Andrew Ng: So welcome Andrej, I'm really glad you could join me today.
Andrej Karpathy: Yeah, thank you for having me.
Ng: So, a lot of people already know your work in deep learning, but not everybody knows your personal story. So, let us start telling us, how did you end up doing all these work in deep learning?
Karpathy: Yeah, absolutely. So I think my first exposure to deep learning once when I was an undergraduate at the University of Toronto. And so, Geoff Hinton was there, and he was teaching a class on deep learning. And at that time, it was restricted Boltzmann machines trained on MNIST digits.* And I just really like the way Geoff talked about training the network, like the mind of the network, and he was using these terms. And I just thought there was a flavor of something magical happening when this was training on those digits. And so that's my first exposure to it, although I didn't get into it in a lot of detail at that time.
And then when I was doing my master's degree at University of British Columbia, I took a class [Note: acoustically not understandable] and that was again on machine learning. And that's the first time I delved deeper into these networks and so on. And what was interesting is that I was very interested in artificial intelligence, and so I took classes in artificial intelligence. But lot of what I was seeing there was just very not satisfying. It was a lot of depth-first search, breadth-first search, alpha-beta pruning, and all these things. And I was not understanding how, I was not satisfied. And so, when I was seeing neural networks for the first time in machine learning, which is this term that I think is more technical and not well known in kind of a most people talk about Artificial Intelligence. Machine learning was more kind of a technical term I would almost say. And so I was dissatisfied with Artificial Intelligence.
When I saw machine learning, I was like, this is the AI that I want to kind of spend time on, this is what's really interesting.

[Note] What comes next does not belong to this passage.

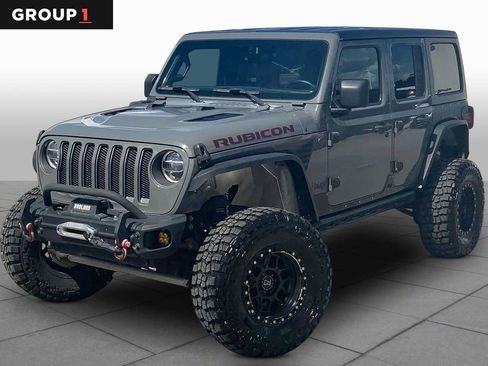 Used 2021 Jeep Wrangler Unlimited Rubicon AWD/4WD image 1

And that's what took me down those directions is that is almost a new computing paradigm, I would say. Because normally, humans write code, but here in this case, the optimization writes code. And so, you're creating the input/output specification and then you have lots of examples of it, and the optimization writes code, and sometimes it can write code better than you. And so, I thought that was just a very new way of thinking about programming, and that's what intrigued me about it.

*60,000 training and 10,000 handwritten digits, normalized and image-centered, provided by the U.S. National Institute of Standards and Technology (NIST) as data set for developing OCR character recognition and document management.